Camile Cleveland, a policy manager at Hua Nani Partners, which relies on ND-GAIN in its climate policy, strategy, and advocacy efforts, welcomed the updates.
“Donors and agencies are very data-driven. Without solid evidence, it’s tough to make a case for funding, and this data will help show why islands need attention and investment,” Cleveland says, “And although all islands are vulnerable to climate impacts, they are vulnerable in different ways; we need a clearer picture of who is most at risk now.”
Cleveland also emphasizes that we should see islands not just as vulnerable places on the “front lines” of climate change but also as leaders developing innovative solutions to climate adaptation.
“Island communities were thriving on their own for centuries before colonizers reached their shores, so they have cultures and indigenous practices that reflect an impressive mastery of natural systems,” Cleveland says. “These cultures combined with the need to adapt to climate impacts are leading to innovations that should be given more attention on the global stage.”
The updated ND-GAIN Country Index is available to download at gain.nd.edu.
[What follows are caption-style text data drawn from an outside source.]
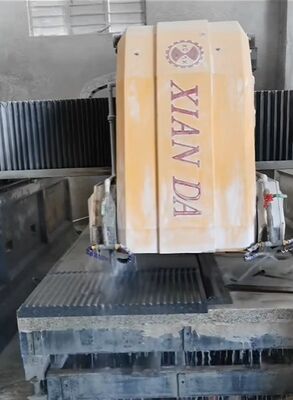 Yüksek Derinlikli CNC Taş Kenar Kesme Makinesi Mermer için Yüksek Hızlı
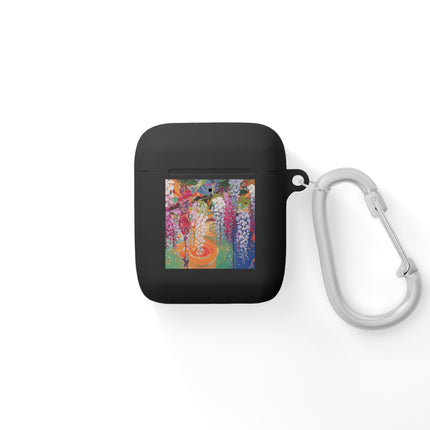 Golden Wisteria Elegance AirPods and AirPods Pro Case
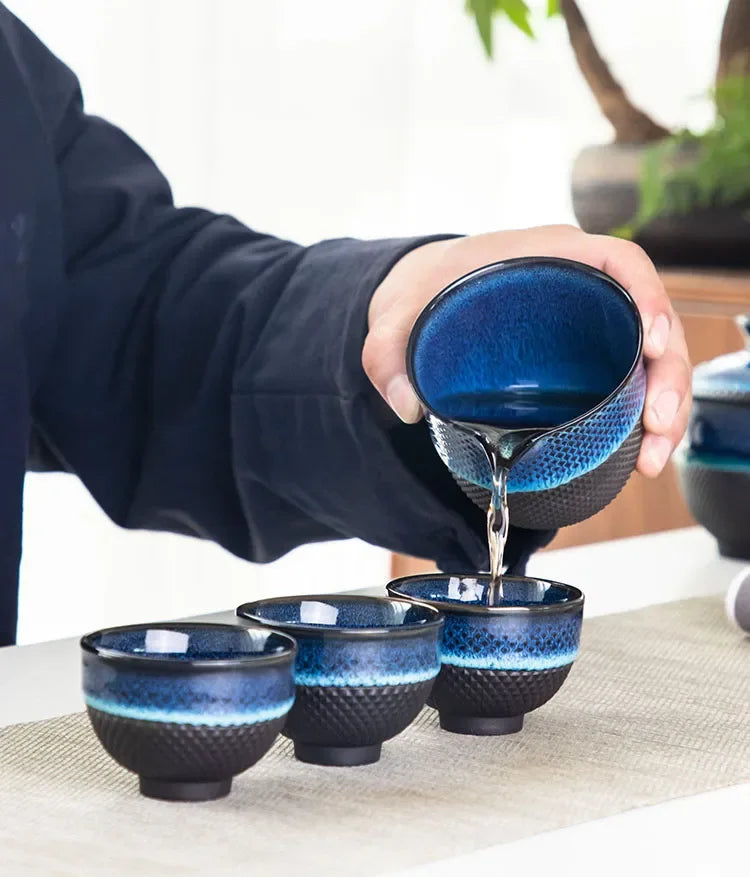 Ceramic Gongfu Travel Tea Set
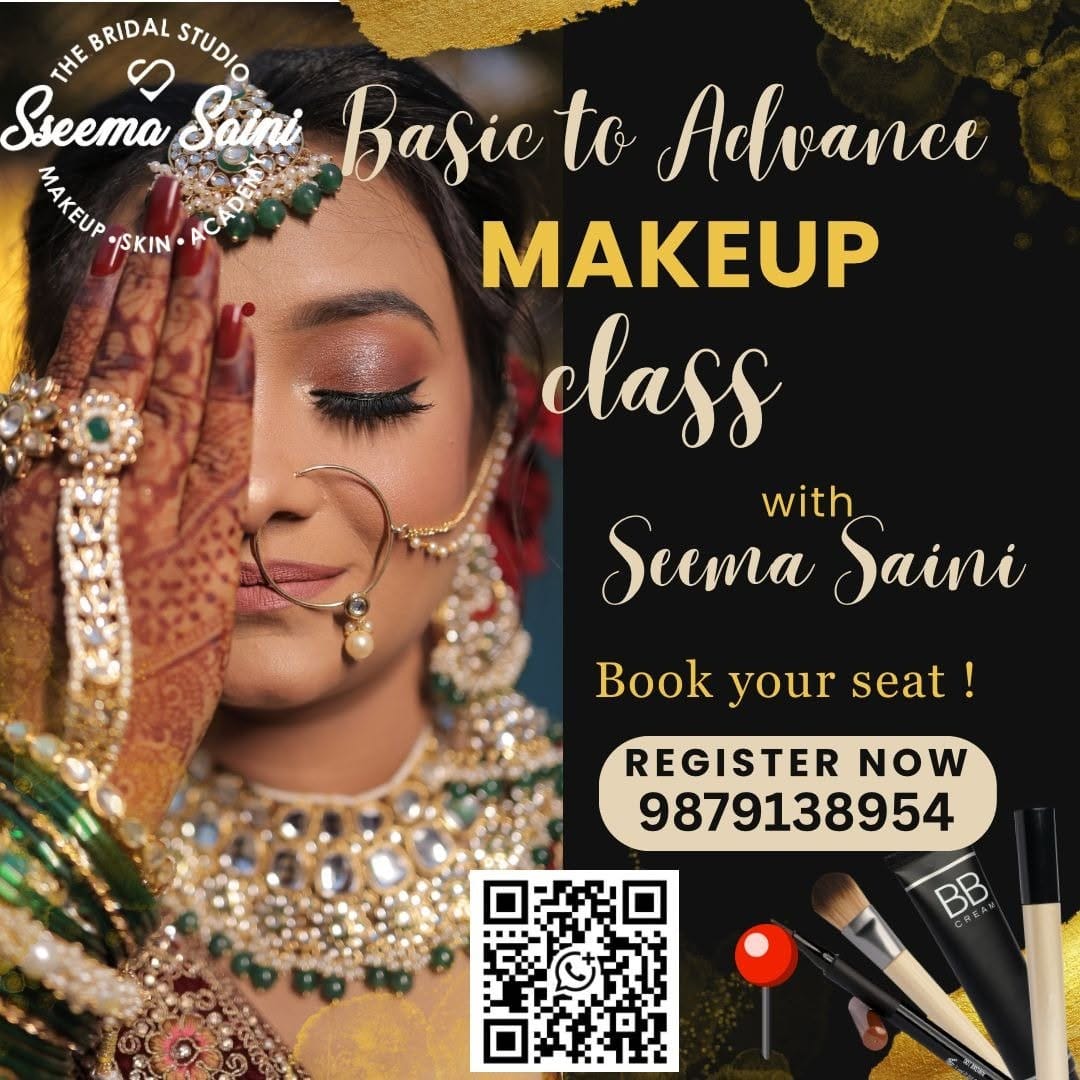 Post 9 by Seema Saini | Best Bridal Makeup Vadodara on Instagram (image)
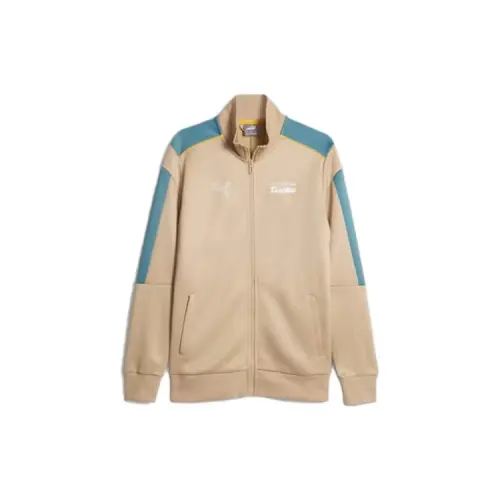 PUMA Jackets Men's Yellow Stand Collar Moderate Other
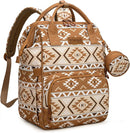 Wrangler Aztec Backpack Multifunction Baby Travel Bag with Changing Pad, Stroller Straps and Pacifier Case WG2204-91103TN by TinyTreasures Baby Boutique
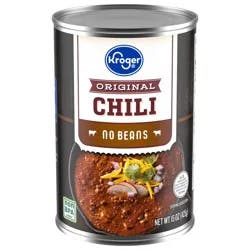 Kroger Chili No Beans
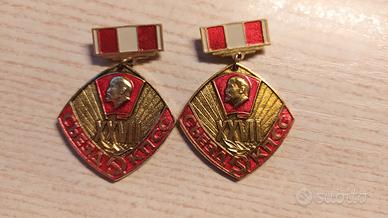 Collezione Spilla distintivo URSS. Vladimir Lenin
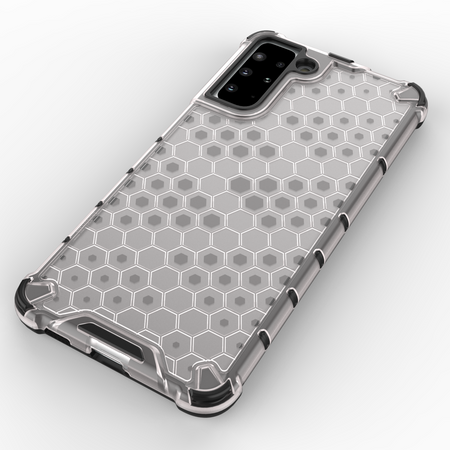 Honeycomb etui pancerny pokrowiec z żelową ramką Samsung Galaxy S22+ (S22 Plus) przezroczysty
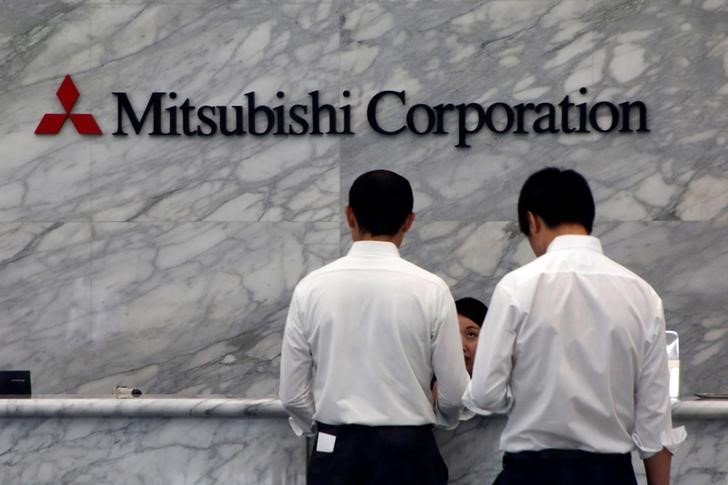 © Reuters. The logo of Mitsubishi Corp is pictured at its head office in Tokyo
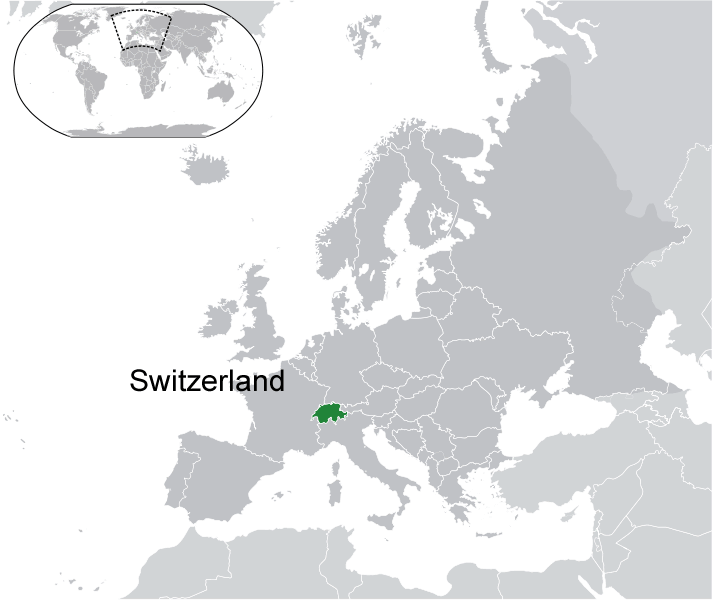 Where is Switzerland in the World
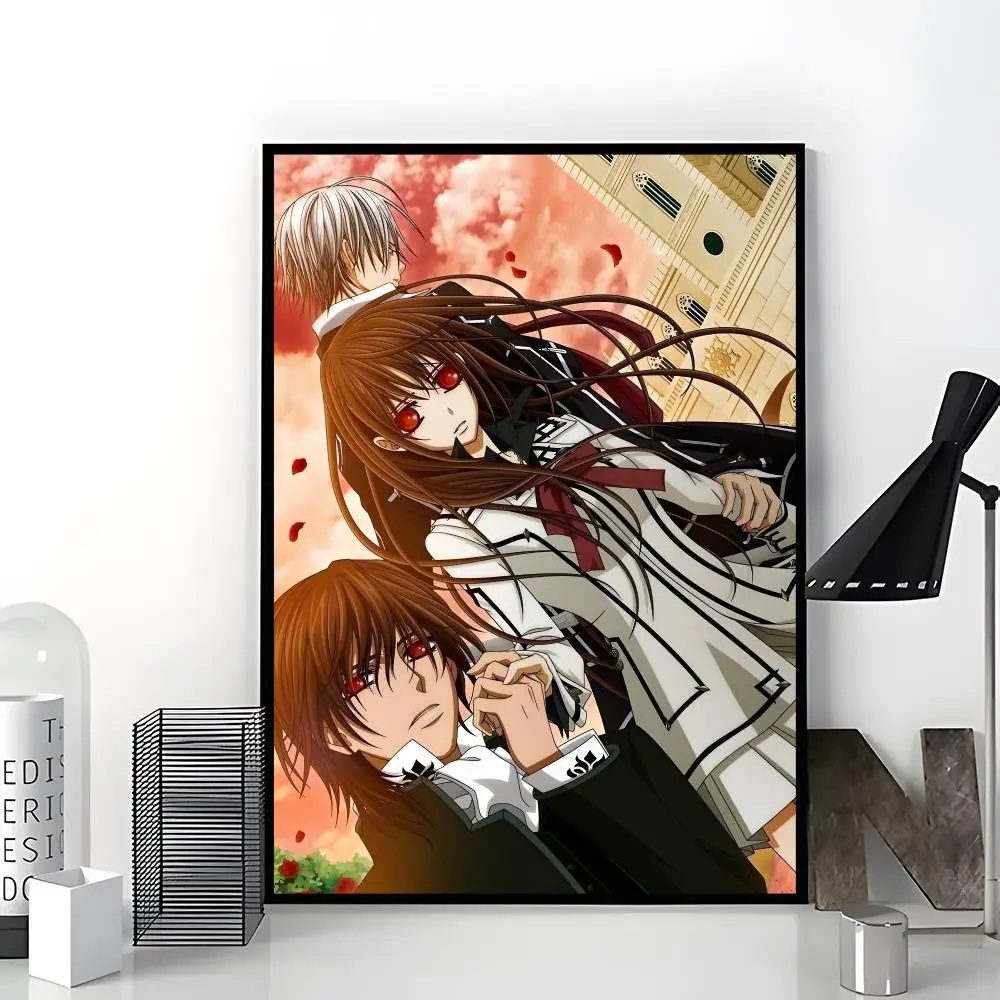 Gothic Anime V-vampire Knight Poster Trendy Aesthetic Wall Art Poster for Dorm Room Bedroom Decor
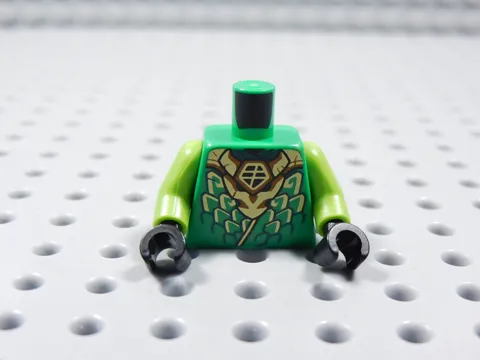 LEGO Ninjago Bright Green w/ Lime Green Printed Torso Minifig BQ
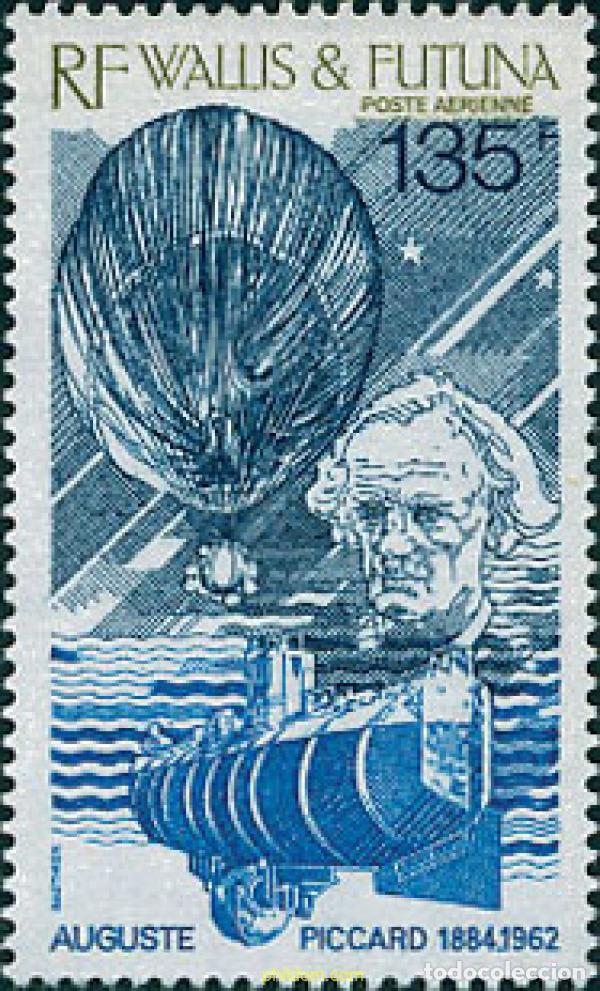 Sellos: 119126 MNH WALLIS Y FUTUNA 1987 25 ANIVERSARIO DE LA MUERTE DE A. PICCARD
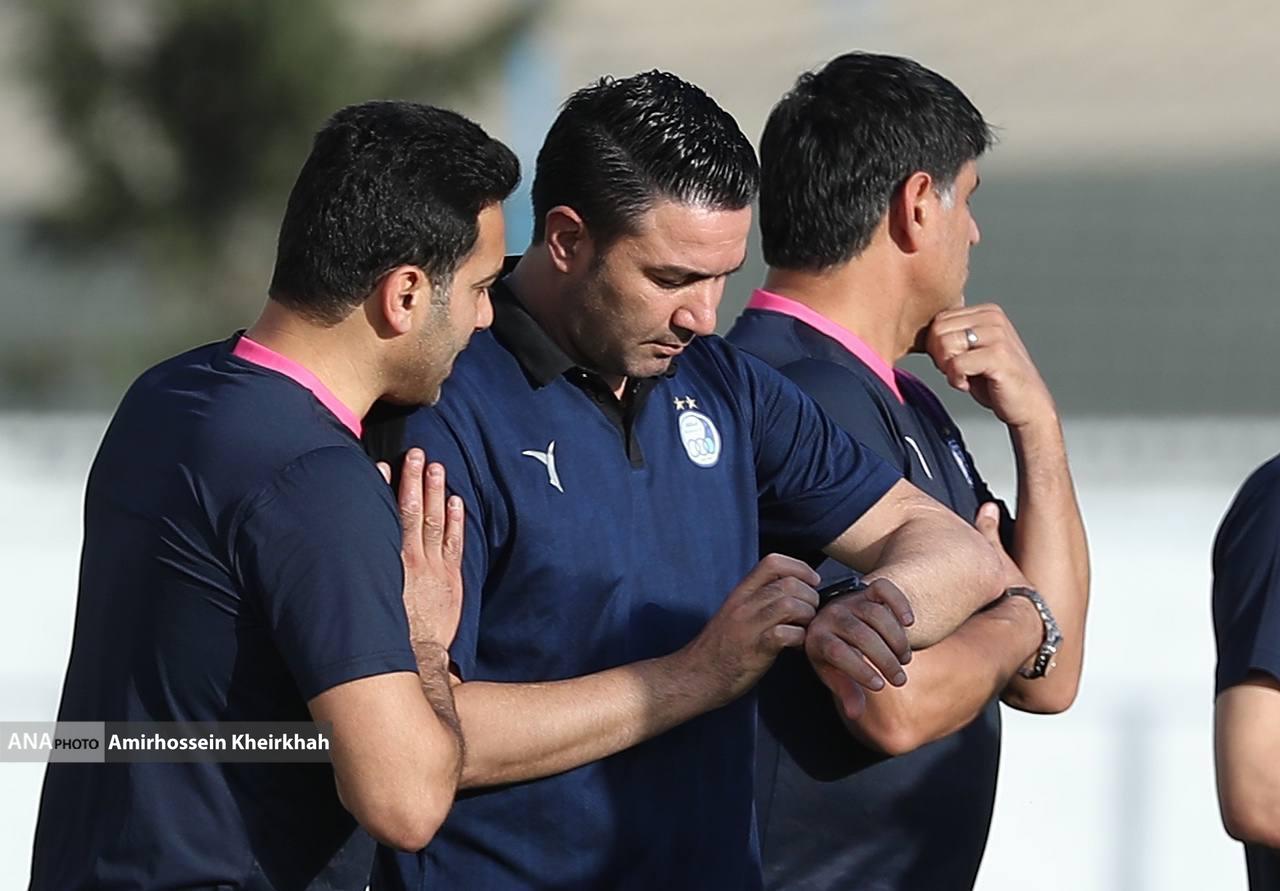 گزارش تصویری از اولین تمرین تیم فوتبال استقلال زیر نظر نکونام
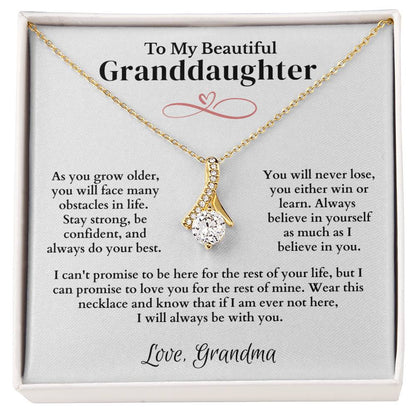 To My Beautiful Granddaughter: Alluring Beauty Necklace
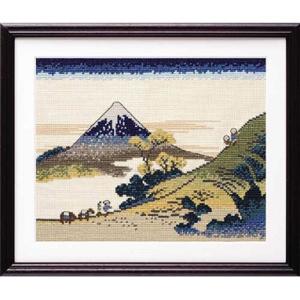 Olympus オリムパス クロスステッチ 刺しゅうキット 北斎画 富嶽三十六景 甲州犬目峠 ベージュ 7138｜洋裁・手芸道具の通販ホリウチ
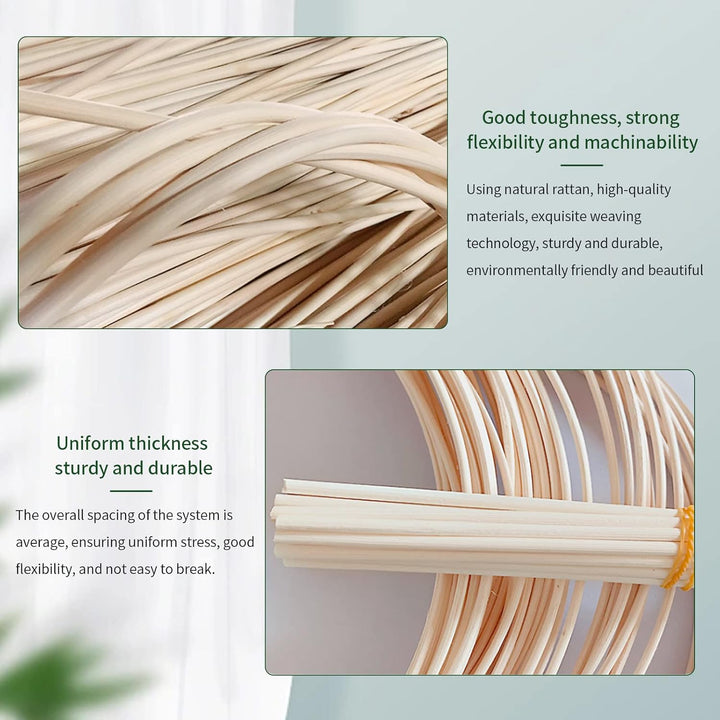 jackfru Schardt Peddigrohr,Flechtmaterial Korbflechten, Flechtmaterial Natur 500 Gramm zum Körbe fle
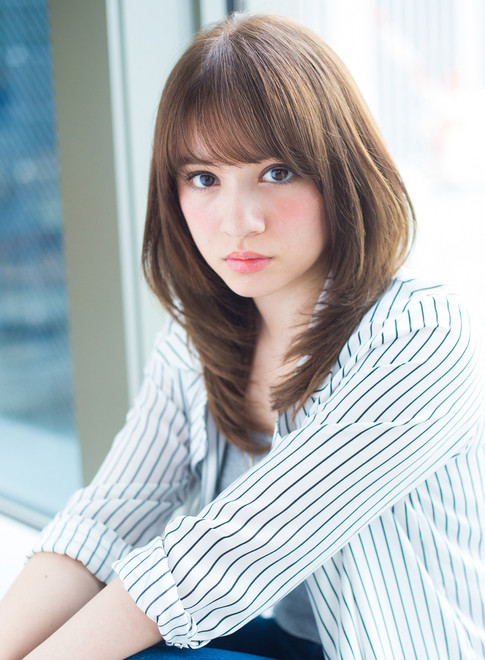 ミディアム ひし形ワンカールパーマ Afloat Japanの髪型 ヘアスタイル ヘアカタログ 21春夏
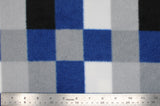 Checker Fleece Print - 60" - 100% polyester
Free and open source, the ND-GAIN Country Index helps decision-makers in governments, nongovernmental organizations, corporations and academia prioritize investments for a more efficient response to the global challenges ahead, such as overcrowding, food insecurity, inadequate infrastructure, and civil conflicts.
ND-GAIN is a program within Notre Dame’s Environmental Change Initiative, with more than 60 faculty across several disciplines pursuing research solutions for some of the key environmental challenges of our time.